|Abstract:||The development of autonomous intelligent systems is bringing new intellectual challenges to the verification field. The Dynamic Testing Workshop identified challenges such as safety assurance, definition of coverage metrics, regulation concerns and utilisation of artificial intelligence in the verification process. Addressing these challenges provides the basis for an autonomous system testing framework, ultimately leading to safer and more trustworthy autonomous systems.|
Top 3 Challenges:
- Metrics for verification completeness and quality – How do we know we are done, and what assurances can we give?
- Scalability – Exhaustive simulation of autonomous systems is not tractable. How can we leverage artificial intelligence with existing verification techniques to make them scale better?
- System integrity – How can we continuously ensure that an autonomous system (which is constantly adapting) is operating as safely and capably as it initially did, considering that this depends on several factors such as incoming data quality, in-field learning and various emergent properties?

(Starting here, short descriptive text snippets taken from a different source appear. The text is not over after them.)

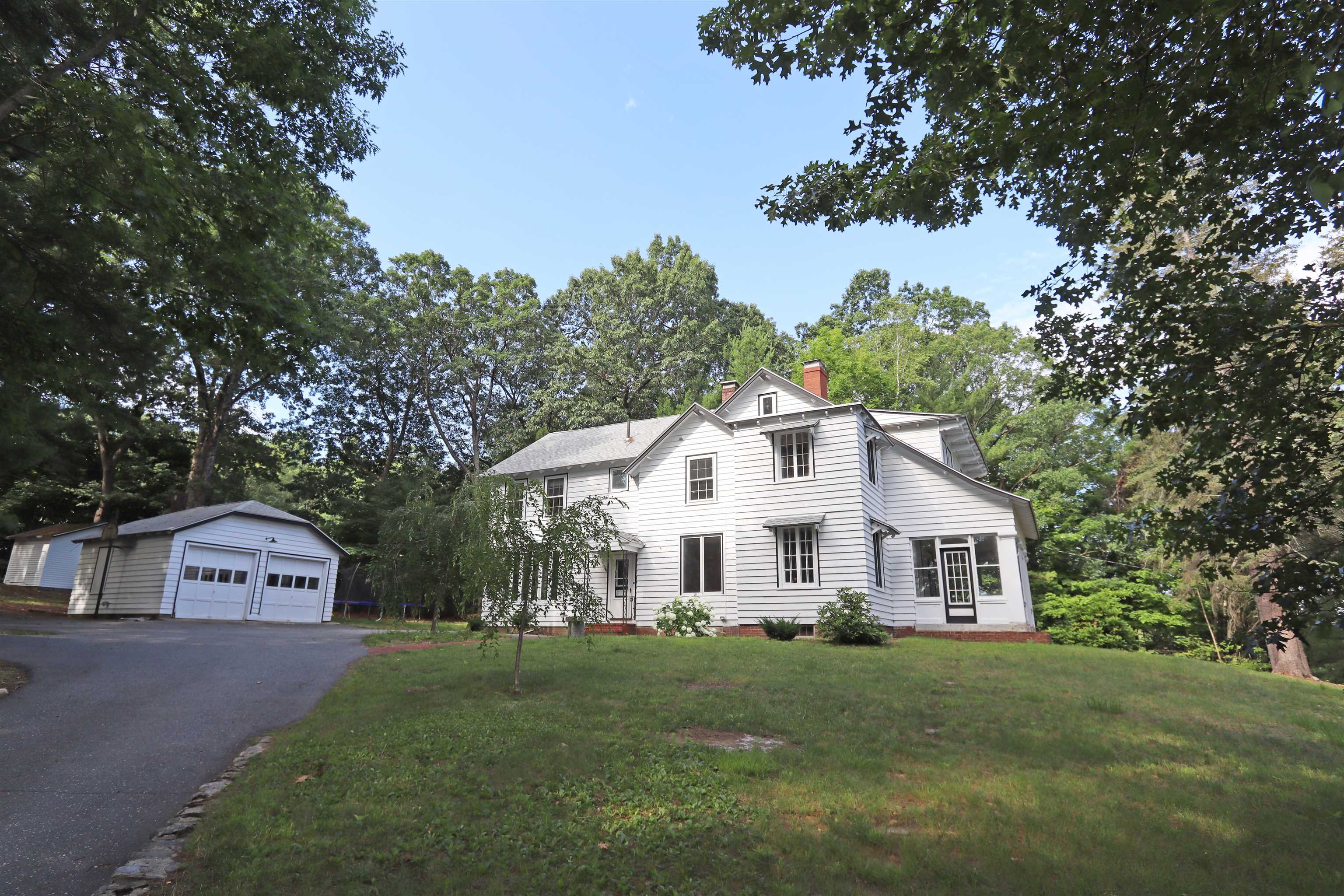 63 Taylor Street Property Photo 27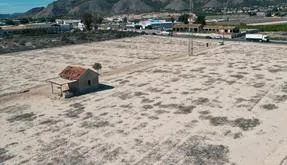 Spain real estate. Zona Centro area, - photo 5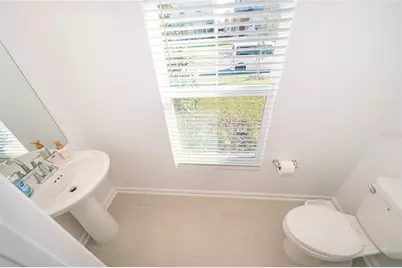 7428 Ivy Tendril Avenue, Orlando, FL 32829 - Photo 10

|Speaker Bio:||Anas Shrinah has a first-class honours BEng in Computer and Automation Engineering. He spent two years working on different automation projects in industry, followed by five years working as instrumentation and control engineer for Petrofac in the oil and gas industry. In 2017, Anas was awarded an MSc in Robotics with Distinction from the University of Bristol. Currently, he is a PhD student in the Trustworthy Systems Laboratory at the University of Bristol. Anas’ research is focused on applying verification techniques to planning-based industrial processes, sponsored by Schlumberger Gould Research.|
Nyasha Masamba is a research student at the University of Bristol. After obtaining his BSc Computing degree, he spent six years in industry working in software engineering and analytics roles. Thereafter, Nyasha gained his MSc in Advanced Computing (Machine Learning, Data Mining and High Performance Computing) during which he got involved in robotics verification. Nyasha is currently part of the Trustworthy Systems Laboratory. In his PhD he collaborates with Infineon Technologies, investigating the use of artificial intelligence to further automate coverage driven test generation.